After lithium-ion batteries burned on 2 separate Boeing 787’s, the Federal Aviation Administration launched a large investigation and grounded all 787 planes. The FAA is certainly doing its job in reviewing 787’s and trying to keep air passengers safe, but there is little reason to think that the FAA is helping and many reasons to conclude that they are overreacting.

            If the FAA fails to react to a potential safety threat, their bureaucrats will quickly find themselves being scrutinized before congress. However, by taking on risk and letting an aircraft continue to operate, the FAA stands to gain nothing. This incentive structure biases the agency towards more safety inspections.

            While an overly cautious ‘airplane-safety-inspector’ doesn’t sound like a bad idea, without having to consider the costs of their actions the FAA could easily leave us worse off. FAA inspections require consumers to contribute tax dollars to fund the agency, and require airline corporations to divert time and resources to comply with the safety rules, which require airlines to raise ticket prices, yet FAA doesn’t have an incentive to consider any of these costs when deciding to launch a safety inspection that grounds a fleet of airplanes.

            Certainly safety inspections are a good thing. Air travel consumers simply do not have all the information necessary to decide whether or not an aircraft is safe. Slightly increased prices might be worth added safety, but the costs of grounding a fleet of airplanes for a small technical problem might not be worth it. There is some optimal amount of safety regulation, but what that amount is, is not knowledge that exists in any single individual.

            Just because the optimal amount of safety regulation doesn’t exist in one person does not mean the knowledge is unobtainable. In fact, lots of dispersed knowledge about costs, benefits, and consumers’ preferences is constantly communicated via the price system. Unfortunately, the FAA doesn’t have any kind of ‘prices’ to look at when determining the costs and benefits of their decisions.

            Private safety inspectors or insurance companies could easily provide safety inspection services to airlines just like the FAA does. An airline could contract with an insurance company that would only agree to insure its planes and put its stamp of approval on that airline’s services if the airline met all the insurance company’s requirements. The scrutiny of one’s insurance company could be something airlines could use to brag about to customers. Plus, private companies seeking to maximize profits would seek to innovate new ways to ensure safety while cutting costs. If the safety requirements imposed by one insurance company were so rigorous that the cost of the insurance raised the price of the tickets beyond what consumers were willing to pay, consumers would choose a different airline; ultimately competition would allow us to discover the optimal amount of safety precaution that consumers want airlines to take.
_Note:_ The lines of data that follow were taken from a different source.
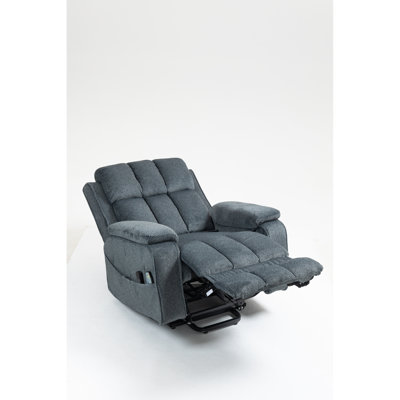 Comfort Recliners With Heat Massage Chenille Blue-green Multifunctional Relaxation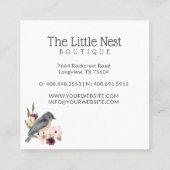 Schattigee Kleine Waterverf Baby Bird & Nest Vierkante Visitekaartje (Achterkant)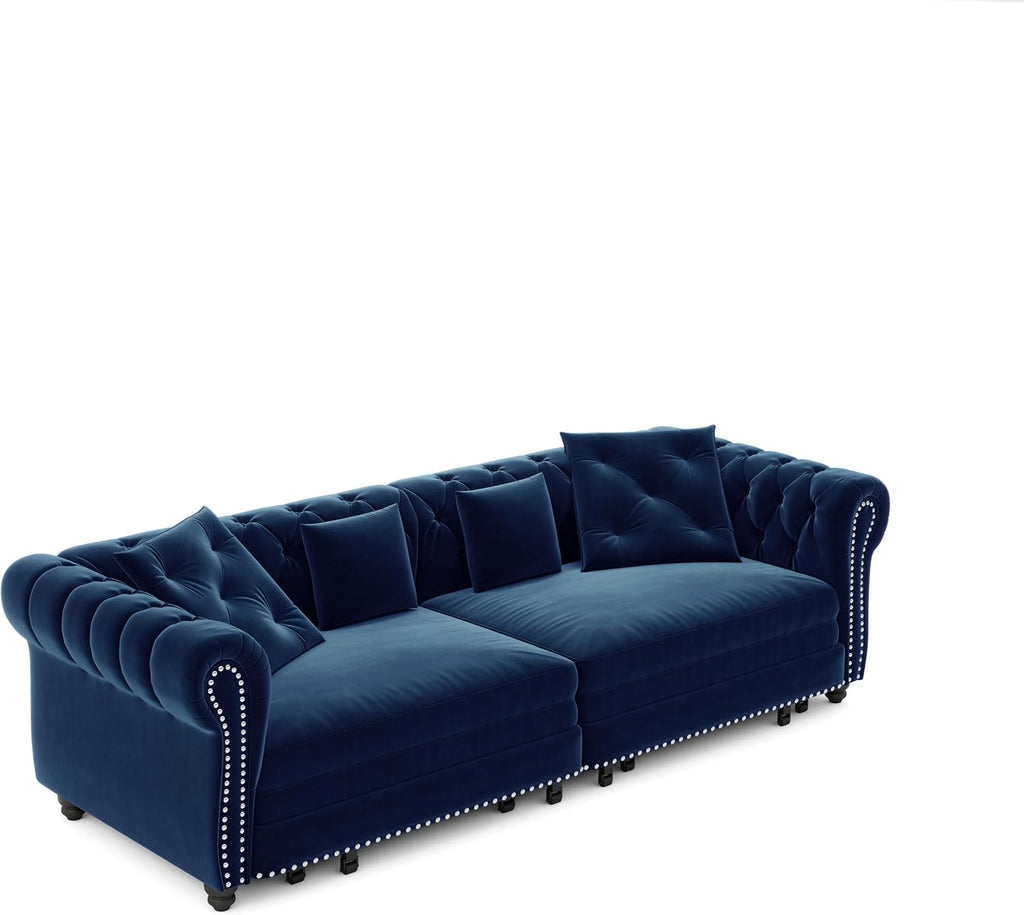 Ball & Cast 3-in-1 Convertible Sofa Bed with Movable Ottoman, 89' Pull Out Couch Bed King Size, Velvet 3 Seater Sleeper Sofa with Nailhead Trim & Rolled Arm,Sofa Couches for Living Room,Blue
            There is no distinctive feature of the FAA’s safety inspections that necessitates it be a government action. While private inspections done by insurance companies could contain errors, it is less likely because as a private company their existence depends on their effectiveness. It’s unclear if its worth grounding all 787’s and passing along all the costs of doing so to American citizens just because of problems in two batteries, but the incentives that FAA bureaucrats face show us that this is almost certainly a sub-optimal decision. However, we can say with certainty that public, monopolized safety inspections of airplanes will be more costly and lead to less safety than safety services provided by a private market.